Thursday, January 19, 2012

Culling the Herd, Goodbye Perry

Now Rick Perry has dropped out of the race, taking his abominable immigration positions with him.  Hopefully Gingrich will be next, as, in my opinion, he's the next worst candidate still in the race.

Perry and Gingrich are both particularly bad because one gets the feeling that their hearts really are in the whole racial replacement enterprise---that they're not just posturing for anti-racist/anti-white brownie points from the MSM.  In addition, both Gingrich and Perry have generally run from fairly conservative areas (Perry the governor of Texas, Gingrich a representative from Georgia if memory serves).  It is a good bet that their positions would modulate to the left when running in a less conservative electorate.  With Romney that effect is likely to be in the opposite direction---most of the US is more conservative than the state of Massachusetts.

Interestingly enough, I noticed today that the MSM is running the line that Gingrich's ex-wife says that he wanted an 'open marriage'---i.e. to practice a soft polygamy.  It's amusing what rope is being produced to hang him with---I'd prefer that we practiced a more old school hands-off approach to the personal lives of the politicians that we set up as alpha males, but I can't say I terribly mind seeing Gingrich cut down, especially if in so doing more of the prestige of the MSM is eroded away.

5 comments:

B322 said...

I read in my local paper some hack opining that now the GOP race was basically two-way, between Romney and Santorum. I kept thinking, "Aren't they leaving someone out?" but I couldn't remember whom.

Just getting. I'll probably vote for Paul as the better all-around candidate even if Santorum's immigration stance is probably better.

Jehu said...

Ron Paul, IMO, is a lot more electable than Santorum. Paul and Romney, IMO, are the only candidates in the Republican field that can conceivably withstand the shitstorm that the media will unleash against them. Romney because he's just so boring, Paul because he's used to having it dialed up to 11 already. Santorum's name has already been turned into an epithet. What I'm hoping for most honestly is that whoever survives this nomination process feels compelled to pander to the likes of us.

Hail said...

Jehu,
I see from Romney's ancestry that his father was expelled, while just a boy, from his birthplace -- by angry Mexicans. (Romney's father was born in a Mormon colony in Northern Mexico, all of which were closed down during the early years of their political trouble).
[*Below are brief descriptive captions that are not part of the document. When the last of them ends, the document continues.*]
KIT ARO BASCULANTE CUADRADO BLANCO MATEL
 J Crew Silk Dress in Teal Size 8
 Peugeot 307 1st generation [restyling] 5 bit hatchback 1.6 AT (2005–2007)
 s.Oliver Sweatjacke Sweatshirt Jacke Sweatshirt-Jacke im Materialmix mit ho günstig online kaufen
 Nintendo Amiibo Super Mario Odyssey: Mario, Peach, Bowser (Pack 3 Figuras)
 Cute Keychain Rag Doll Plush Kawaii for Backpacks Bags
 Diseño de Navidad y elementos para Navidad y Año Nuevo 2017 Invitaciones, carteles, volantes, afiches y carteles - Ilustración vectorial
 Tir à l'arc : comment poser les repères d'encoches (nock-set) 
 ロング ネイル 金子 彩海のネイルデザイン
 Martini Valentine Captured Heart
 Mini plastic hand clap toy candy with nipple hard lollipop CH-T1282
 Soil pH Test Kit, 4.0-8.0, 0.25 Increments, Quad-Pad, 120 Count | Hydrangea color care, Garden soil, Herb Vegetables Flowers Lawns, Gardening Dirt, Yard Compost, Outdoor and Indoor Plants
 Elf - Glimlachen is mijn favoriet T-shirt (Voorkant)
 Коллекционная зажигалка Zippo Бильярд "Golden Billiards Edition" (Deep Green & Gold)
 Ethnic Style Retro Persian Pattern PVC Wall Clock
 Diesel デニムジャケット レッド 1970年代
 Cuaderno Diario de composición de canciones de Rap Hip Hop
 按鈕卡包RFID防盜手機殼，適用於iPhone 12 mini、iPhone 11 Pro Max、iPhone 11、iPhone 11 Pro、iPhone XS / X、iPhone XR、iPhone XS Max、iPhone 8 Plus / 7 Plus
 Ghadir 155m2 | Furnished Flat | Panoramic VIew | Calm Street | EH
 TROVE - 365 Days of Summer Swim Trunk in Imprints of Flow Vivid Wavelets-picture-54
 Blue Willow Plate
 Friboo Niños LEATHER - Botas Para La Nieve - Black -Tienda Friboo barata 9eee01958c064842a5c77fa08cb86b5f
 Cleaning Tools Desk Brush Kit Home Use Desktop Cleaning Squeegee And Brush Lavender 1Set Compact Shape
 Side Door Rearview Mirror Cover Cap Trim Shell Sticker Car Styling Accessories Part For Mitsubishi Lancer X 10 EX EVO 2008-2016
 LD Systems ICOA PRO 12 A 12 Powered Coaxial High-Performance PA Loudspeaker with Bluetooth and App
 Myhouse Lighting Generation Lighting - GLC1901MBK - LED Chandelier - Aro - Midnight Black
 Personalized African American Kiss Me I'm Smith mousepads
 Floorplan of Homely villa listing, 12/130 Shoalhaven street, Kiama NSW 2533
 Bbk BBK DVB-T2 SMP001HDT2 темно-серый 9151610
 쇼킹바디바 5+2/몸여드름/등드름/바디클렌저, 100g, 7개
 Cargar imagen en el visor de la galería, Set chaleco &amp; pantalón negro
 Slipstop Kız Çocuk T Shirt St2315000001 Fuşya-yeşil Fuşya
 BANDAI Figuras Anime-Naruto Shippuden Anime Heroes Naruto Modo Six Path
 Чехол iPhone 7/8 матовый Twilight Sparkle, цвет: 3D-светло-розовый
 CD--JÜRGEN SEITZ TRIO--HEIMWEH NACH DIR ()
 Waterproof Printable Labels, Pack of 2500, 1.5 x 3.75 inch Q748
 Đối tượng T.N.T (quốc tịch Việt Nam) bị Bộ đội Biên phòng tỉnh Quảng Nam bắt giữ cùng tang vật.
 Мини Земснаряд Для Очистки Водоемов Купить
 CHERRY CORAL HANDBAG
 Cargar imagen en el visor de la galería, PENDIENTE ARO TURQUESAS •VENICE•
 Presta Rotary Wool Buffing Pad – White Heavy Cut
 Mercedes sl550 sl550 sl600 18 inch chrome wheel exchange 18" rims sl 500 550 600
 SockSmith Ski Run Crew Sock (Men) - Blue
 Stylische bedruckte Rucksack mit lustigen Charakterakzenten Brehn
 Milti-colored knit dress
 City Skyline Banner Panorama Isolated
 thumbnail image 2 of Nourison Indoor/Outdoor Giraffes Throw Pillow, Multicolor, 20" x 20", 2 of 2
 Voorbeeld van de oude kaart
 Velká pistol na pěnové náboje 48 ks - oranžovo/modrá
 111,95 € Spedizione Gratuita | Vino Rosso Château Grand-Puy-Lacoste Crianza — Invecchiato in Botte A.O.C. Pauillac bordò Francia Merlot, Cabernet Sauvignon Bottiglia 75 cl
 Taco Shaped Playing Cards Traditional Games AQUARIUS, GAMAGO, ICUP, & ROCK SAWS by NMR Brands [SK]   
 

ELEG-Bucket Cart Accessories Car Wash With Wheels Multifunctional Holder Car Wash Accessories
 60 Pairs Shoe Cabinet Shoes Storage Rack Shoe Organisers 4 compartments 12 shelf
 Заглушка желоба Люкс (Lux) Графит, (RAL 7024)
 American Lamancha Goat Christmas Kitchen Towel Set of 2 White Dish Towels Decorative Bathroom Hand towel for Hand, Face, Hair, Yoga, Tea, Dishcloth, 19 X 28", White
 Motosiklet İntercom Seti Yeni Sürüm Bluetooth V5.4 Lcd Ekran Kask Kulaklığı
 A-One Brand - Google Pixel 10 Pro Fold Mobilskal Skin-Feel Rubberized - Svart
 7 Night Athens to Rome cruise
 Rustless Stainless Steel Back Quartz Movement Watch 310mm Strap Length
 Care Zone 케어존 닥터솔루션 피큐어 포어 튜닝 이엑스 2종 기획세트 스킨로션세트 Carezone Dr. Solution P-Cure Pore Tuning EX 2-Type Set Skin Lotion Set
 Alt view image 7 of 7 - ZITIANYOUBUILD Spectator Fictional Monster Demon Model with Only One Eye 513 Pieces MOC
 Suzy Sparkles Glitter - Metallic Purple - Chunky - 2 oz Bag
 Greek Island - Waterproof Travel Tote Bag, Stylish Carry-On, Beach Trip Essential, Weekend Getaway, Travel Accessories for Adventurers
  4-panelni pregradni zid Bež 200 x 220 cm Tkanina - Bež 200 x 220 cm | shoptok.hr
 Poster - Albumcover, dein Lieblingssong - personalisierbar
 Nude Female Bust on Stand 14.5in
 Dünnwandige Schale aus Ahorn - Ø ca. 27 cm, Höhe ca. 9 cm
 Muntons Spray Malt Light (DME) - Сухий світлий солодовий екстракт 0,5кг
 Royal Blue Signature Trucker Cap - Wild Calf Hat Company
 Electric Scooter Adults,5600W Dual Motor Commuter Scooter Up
I doubt this man will cry the kinds of pro-Hispanic crocodile tears we get from Bush, Perry, Gingrich (yuck), and so on.

This information leads me to believe that Romney may pander to the Racialist-Right much more than the typical 'corporate suit' he is cast as would.

Jehu said...

Hail, possibly so, although polygamists always draw a great deal of animus from monogamists who haven't been effectively gelded by universalist cant. Polygamy threatens the cartel agreement that the 'Dads' enforce vs the 'Cads'.

B322 said...

Hmmm ... hadn't thought about it that way, but I bet you're right. Santorum has a bigger bullseye on him than most. I don't think a candidate so closely tied to a stance on homosexuality would be a good thing for the GOP right now, or the right.